I had to agree with his observation and resolved then and there to be more tolerant if anyone ever again came to the door to use our toilet. Many times through the years I have wondered what would happen if I tried doing what the soldier had done. More than once I had been doing errands in Jerusalem and become desperate for a bathroom. It is amazing how many stores do not have any facilities. As I was turned down by shop after shop I would remind myself to judge favorably and remember my father’s store.
That store was located in the small downtown of Wichita, Kansas. To get to the lavatory one needed to go through the dusty backroom, up a rickety flight of stairs, past some storage boxes, and squeeze into the square meter closet that held a rusty toilet and one bare light bulb. Outside the door was a sink that had only cold water.
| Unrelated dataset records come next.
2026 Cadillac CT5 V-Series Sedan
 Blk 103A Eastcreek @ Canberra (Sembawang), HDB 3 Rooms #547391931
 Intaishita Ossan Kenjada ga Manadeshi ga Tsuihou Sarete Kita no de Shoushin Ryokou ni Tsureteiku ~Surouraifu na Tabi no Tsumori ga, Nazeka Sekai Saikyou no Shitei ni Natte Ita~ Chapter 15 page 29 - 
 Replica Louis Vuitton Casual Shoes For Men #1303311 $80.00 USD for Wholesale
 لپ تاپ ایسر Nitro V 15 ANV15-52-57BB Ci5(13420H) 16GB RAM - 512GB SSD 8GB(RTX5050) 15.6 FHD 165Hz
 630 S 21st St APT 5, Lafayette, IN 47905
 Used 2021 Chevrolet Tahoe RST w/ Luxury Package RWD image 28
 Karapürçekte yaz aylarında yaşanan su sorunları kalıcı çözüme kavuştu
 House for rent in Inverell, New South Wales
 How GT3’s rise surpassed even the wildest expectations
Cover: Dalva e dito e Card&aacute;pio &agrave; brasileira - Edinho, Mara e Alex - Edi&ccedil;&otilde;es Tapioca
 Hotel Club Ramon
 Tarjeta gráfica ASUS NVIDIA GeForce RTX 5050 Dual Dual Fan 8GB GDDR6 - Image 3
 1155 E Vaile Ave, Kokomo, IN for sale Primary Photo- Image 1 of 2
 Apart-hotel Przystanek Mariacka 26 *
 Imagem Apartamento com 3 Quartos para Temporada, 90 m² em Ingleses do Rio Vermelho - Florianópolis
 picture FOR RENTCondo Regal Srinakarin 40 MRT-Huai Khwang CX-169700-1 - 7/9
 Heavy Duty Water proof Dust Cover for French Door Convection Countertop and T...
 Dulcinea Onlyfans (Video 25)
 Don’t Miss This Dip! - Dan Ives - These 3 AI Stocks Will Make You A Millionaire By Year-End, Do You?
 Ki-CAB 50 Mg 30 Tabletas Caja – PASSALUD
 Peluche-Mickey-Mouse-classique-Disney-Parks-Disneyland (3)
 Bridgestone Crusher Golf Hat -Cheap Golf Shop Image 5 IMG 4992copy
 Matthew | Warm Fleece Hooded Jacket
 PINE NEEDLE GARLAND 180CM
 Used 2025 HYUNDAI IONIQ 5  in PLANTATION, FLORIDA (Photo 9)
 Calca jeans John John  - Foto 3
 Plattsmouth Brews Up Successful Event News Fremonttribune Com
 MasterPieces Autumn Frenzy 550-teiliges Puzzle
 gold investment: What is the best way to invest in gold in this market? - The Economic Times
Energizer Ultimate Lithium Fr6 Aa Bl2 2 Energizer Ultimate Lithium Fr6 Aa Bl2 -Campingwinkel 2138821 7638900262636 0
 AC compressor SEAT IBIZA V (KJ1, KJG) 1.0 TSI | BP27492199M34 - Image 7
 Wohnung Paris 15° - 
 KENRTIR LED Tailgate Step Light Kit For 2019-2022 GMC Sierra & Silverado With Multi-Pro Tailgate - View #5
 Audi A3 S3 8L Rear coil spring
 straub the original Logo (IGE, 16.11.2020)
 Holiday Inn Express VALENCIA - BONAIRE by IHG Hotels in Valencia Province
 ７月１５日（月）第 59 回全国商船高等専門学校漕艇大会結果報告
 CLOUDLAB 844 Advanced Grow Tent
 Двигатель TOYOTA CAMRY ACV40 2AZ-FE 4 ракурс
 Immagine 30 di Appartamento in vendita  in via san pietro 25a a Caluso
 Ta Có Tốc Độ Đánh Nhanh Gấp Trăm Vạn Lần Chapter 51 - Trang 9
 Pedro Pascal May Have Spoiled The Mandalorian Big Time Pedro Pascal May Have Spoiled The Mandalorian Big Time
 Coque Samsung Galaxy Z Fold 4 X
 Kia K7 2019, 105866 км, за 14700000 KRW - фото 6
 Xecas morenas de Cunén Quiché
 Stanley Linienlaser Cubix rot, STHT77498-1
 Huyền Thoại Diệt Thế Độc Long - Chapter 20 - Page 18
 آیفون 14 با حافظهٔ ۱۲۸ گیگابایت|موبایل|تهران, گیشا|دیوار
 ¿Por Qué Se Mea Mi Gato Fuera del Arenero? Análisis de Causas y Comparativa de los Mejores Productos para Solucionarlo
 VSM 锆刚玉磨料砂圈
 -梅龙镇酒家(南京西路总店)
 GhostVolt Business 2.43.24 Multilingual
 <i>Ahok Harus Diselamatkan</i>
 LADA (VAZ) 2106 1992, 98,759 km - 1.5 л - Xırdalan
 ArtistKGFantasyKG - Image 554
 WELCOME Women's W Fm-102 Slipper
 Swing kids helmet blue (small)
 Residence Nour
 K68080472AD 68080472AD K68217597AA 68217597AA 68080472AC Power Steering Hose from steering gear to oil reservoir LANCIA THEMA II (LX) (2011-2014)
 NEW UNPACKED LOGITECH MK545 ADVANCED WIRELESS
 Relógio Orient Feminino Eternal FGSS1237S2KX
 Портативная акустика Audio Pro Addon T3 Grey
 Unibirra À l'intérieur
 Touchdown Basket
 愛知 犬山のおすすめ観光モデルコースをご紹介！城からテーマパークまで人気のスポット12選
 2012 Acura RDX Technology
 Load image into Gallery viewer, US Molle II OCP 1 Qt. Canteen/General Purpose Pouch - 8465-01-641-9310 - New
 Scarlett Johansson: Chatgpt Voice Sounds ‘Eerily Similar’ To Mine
My father deemed it prudent to tell costumers that he did not have a bathroom rather than have them risk injury using his.
Through the years the public restroom situation in Israel has greatly improved and I never did try knocking on someone’s door as the soldier had done to mine. Now I know where most of the clean bathrooms are. Last week, though, shortly before I needed to board my bus home to Shilo I went to one of the better facilities near the main bus station. To my disappointment the women’s bathroom was being cleaned and was closed for use. There was a middle-aged man standing by the door and he noticed my distress.
“You can use the men’s bathroom,” he told me.
I just looked at him incredulously. Maybe perverts go into the wrong bathroom but not me.
“Go in,” he insisted. “My wife’s in there and I’m standing guard.”
I still hesitated. I did not want to board the bus without using a bathroom but to go into the men’s bathroom…
Two teenagers approached and he told them the same thing. Less wary than me they entered the men’s bathroom without hesitation. So I followed them. When I came out the man was still there, this time with his wife, waiting to finish his mission of standing guard.
Thanking him I marveled how a perfect stranger was doing such a huge act of kindness. Maybe, though, maybe he wasn’t a perfect stranger. Maybe he was the soldier with the muddy boots, grown up and married, passing on a kindness to others.